TO DO -> All that is wanted is a word-for-word retyping of the lines from the one containing "Lenovo Cover Upper" through the end of the material below.

═══ DATA SHOWN

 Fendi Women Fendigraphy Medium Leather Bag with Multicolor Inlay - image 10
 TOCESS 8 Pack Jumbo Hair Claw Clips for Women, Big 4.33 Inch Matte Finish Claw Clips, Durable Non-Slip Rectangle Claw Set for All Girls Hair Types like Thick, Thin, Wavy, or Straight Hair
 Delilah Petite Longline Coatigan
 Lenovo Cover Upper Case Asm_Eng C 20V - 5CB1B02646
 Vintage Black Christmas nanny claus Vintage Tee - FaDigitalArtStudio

══════

TASK SOLUTION ->
 Lenovo Cover Upper Case Asm_Eng C 20V - 5CB1B02646
 Vintage Black Christmas nanny claus Vintage Tee - FaDigitalArtStudio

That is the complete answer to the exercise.